▶ What to do: What you need to produce from the material below is an exact transcription of the lines from the one with "1 bed, 700 sqft, $1,950 — Photo 2" through the one with "стриптизерша и зарабатываю", both included, and no other line.

== == ==

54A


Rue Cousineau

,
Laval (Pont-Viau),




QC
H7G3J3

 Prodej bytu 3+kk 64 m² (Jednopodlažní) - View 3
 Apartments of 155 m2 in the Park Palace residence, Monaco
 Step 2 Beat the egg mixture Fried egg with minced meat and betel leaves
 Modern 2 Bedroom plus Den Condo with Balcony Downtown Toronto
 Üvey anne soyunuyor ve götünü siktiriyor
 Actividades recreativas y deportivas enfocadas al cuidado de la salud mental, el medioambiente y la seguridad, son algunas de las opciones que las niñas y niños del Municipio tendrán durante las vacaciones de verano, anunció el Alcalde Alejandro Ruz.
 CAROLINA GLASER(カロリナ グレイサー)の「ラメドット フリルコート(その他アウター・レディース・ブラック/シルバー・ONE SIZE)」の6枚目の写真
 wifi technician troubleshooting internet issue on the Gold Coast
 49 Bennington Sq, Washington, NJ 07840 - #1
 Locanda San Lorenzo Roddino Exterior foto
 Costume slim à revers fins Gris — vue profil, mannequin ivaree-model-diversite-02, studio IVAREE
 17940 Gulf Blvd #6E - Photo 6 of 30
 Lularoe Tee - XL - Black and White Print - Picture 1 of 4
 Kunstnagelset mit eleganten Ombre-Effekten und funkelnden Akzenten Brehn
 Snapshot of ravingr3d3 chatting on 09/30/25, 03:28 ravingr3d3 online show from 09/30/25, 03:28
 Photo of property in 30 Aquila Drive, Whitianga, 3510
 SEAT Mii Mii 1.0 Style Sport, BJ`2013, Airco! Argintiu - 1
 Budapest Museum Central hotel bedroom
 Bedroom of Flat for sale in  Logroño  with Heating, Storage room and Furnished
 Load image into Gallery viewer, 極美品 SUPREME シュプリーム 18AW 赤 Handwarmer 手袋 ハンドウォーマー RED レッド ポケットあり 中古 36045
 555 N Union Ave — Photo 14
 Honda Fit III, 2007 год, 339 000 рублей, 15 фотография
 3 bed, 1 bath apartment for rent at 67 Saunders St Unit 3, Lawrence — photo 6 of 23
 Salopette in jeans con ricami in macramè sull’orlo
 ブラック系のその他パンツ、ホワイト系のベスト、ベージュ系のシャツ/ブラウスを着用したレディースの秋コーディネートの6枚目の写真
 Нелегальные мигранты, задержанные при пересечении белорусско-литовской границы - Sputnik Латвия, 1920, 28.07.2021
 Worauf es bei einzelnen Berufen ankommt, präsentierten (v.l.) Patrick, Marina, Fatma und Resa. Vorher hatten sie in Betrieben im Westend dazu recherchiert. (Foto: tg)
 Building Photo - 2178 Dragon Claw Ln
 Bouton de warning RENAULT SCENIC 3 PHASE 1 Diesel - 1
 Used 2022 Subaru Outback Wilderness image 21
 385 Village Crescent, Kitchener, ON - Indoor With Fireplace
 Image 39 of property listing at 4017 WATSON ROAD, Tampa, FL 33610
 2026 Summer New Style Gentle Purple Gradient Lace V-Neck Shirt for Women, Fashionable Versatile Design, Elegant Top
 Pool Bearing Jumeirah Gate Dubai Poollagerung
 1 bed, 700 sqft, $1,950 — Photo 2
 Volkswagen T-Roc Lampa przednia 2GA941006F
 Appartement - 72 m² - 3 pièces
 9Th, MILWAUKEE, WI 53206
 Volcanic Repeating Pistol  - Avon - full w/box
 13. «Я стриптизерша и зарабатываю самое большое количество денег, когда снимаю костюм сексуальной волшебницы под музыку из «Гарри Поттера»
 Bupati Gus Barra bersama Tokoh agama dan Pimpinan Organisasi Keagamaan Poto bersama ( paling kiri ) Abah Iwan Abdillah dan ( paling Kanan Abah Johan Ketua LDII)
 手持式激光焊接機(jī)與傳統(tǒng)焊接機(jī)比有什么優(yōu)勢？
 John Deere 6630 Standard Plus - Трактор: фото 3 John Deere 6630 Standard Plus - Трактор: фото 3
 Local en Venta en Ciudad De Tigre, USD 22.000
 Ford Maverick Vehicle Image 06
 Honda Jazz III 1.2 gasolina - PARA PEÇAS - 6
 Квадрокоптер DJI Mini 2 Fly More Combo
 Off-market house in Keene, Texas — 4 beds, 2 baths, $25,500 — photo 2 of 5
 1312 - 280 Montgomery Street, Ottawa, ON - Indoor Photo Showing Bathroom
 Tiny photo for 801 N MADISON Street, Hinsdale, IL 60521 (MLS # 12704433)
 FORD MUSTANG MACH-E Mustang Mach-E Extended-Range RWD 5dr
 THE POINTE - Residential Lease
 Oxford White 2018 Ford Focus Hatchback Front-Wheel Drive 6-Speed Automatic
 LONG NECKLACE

== == ==

▶ Response:
 1 bed, 700 sqft, $1,950 — Photo 2
 Volkswagen T-Roc Lampa przednia 2GA941006F
 Appartement - 72 m² - 3 pièces
 9Th, MILWAUKEE, WI 53206
 Volcanic Repeating Pistol  - Avon - full w/box
 13. «Я стриптизерша и зарабатываю самое большое количество денег, когда снимаю костюм сексуальной волшебницы под музыку из «Гарри Поттера»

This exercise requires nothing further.